Source data:

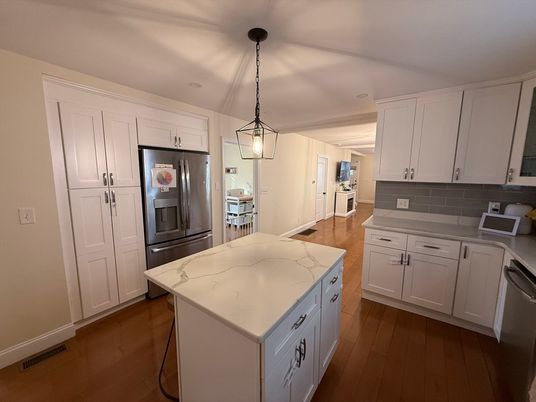 Interior, Kitchen, Pendant Lights, Stainless Steel Appliances, Wood Texture Flooring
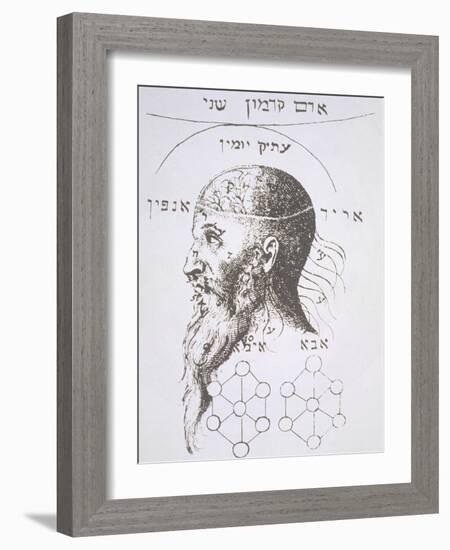 The Head of Adam Kadmon, Copy of an Illustration from "Kabbala Denudata"-null-Framed Giclee Print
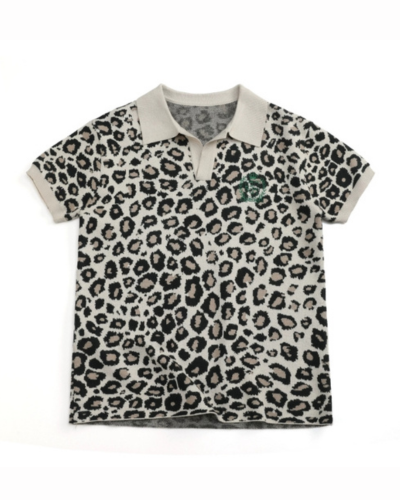 Y2K LEOPARD SHORT SLEEVE POLO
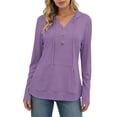 thumbnail image 5 of BRGZLK Womens Sun Shirts UPF 50+ Rash Guard 2026 Casual Fahsion UV Protection Quick Dry Hoodies Workout Athletic Tops with Pockets Summer Comfy Loose Fit Clothing Purple L, 5 of 5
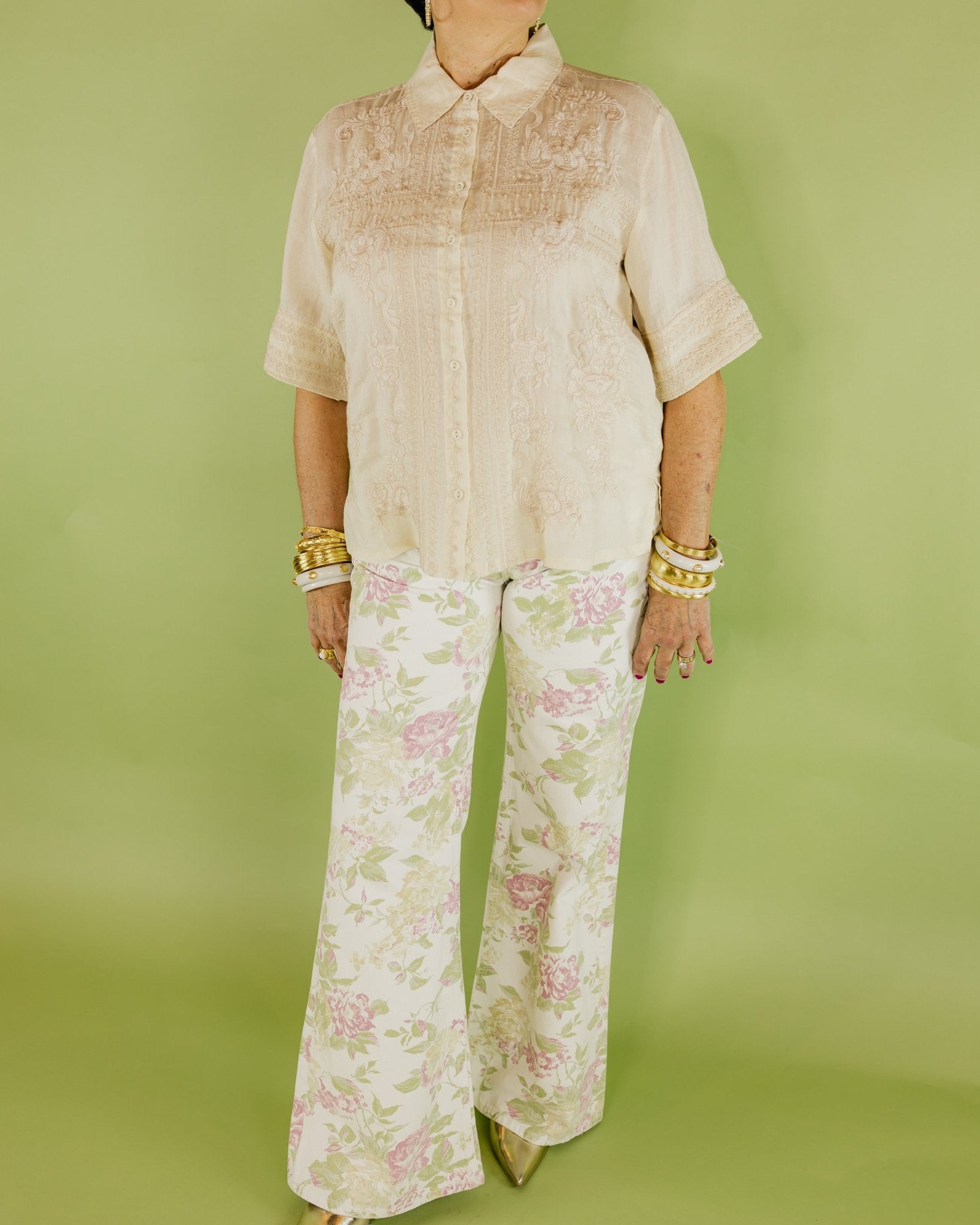 Solid Embroidered Blouse - Olive You BoutiqueJOHNNY WAS COLLECTION227728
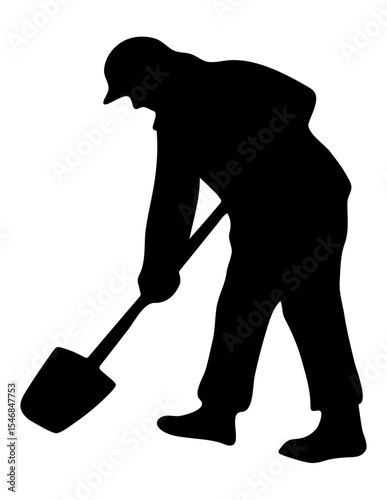 man with shovel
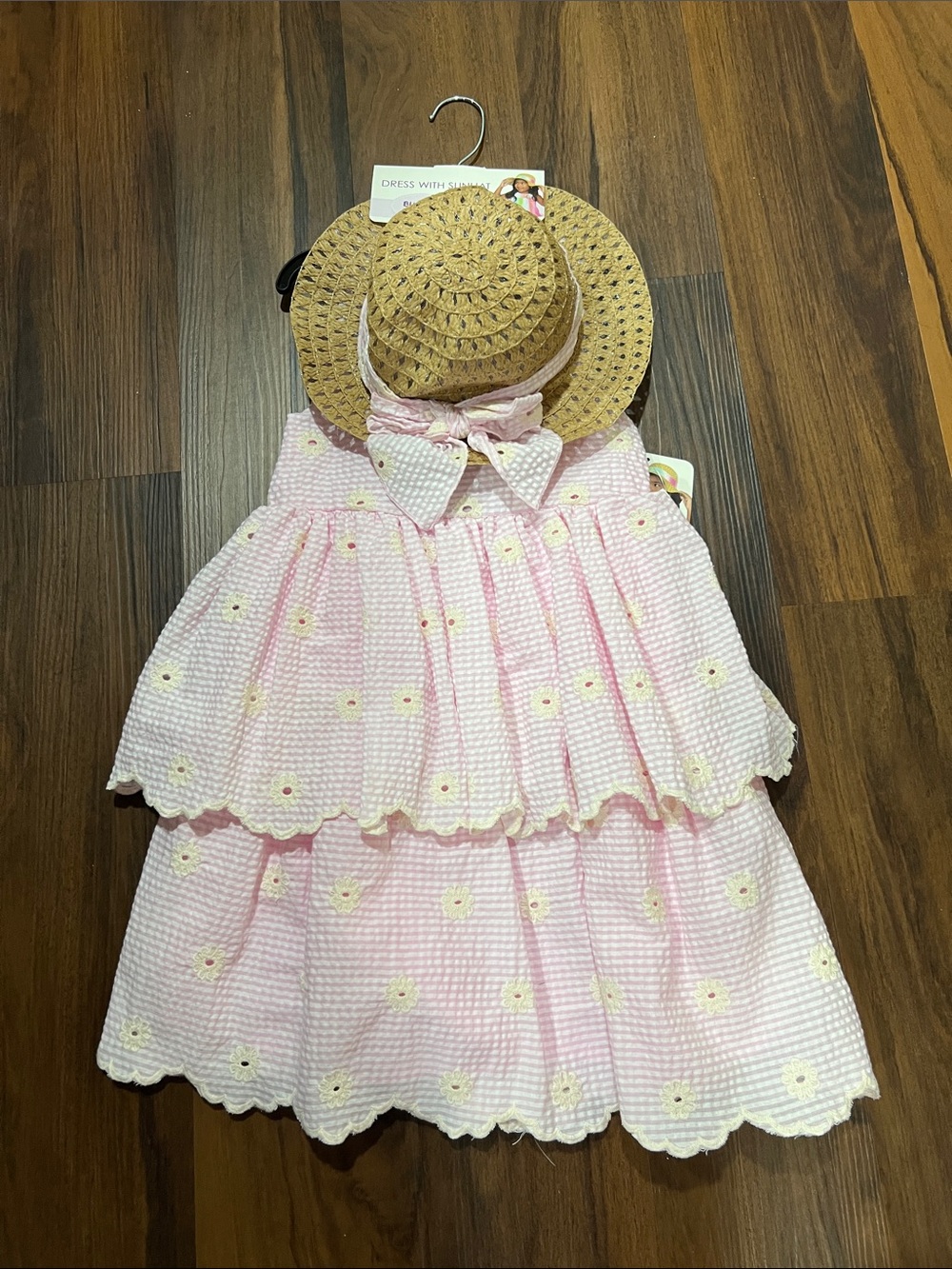 Dress With SunHat Girls Pink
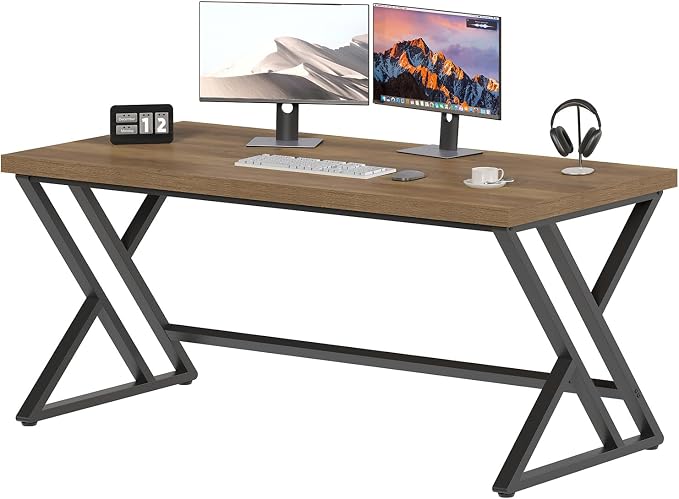 LVB Long Computer Desk, Big Industrial Home Office Desk, Large Metal Wood Writing Study Computer Table for Bedroom, Modern Executive Simple Gaming Work Desk for Student, Rustic Oak, 60 in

Work request: Write out exactly the stretch of lines that begins with the line containing "thumbnail image 5" and ends with the last line of the records above, leaving out the pictures.

Completed task:
 thumbnail image 5 of BRGZLK Womens Sun Shirts UPF 50+ Rash Guard 2026 Casual Fahsion UV Protection Quick Dry Hoodies Workout Athletic Tops with Pockets Summer Comfy Loose Fit Clothing Purple L, 5 of 5
 Solid Embroidered Blouse - Olive You BoutiqueJOHNNY WAS COLLECTION227728
 man with shovel
 Dress With SunHat Girls Pink
 LVB Long Computer Desk, Big Industrial Home Office Desk, Large Metal Wood Writing Study Computer Table for Bedroom, Modern Executive Simple Gaming Work Desk for Student, Rustic Oak, 60 in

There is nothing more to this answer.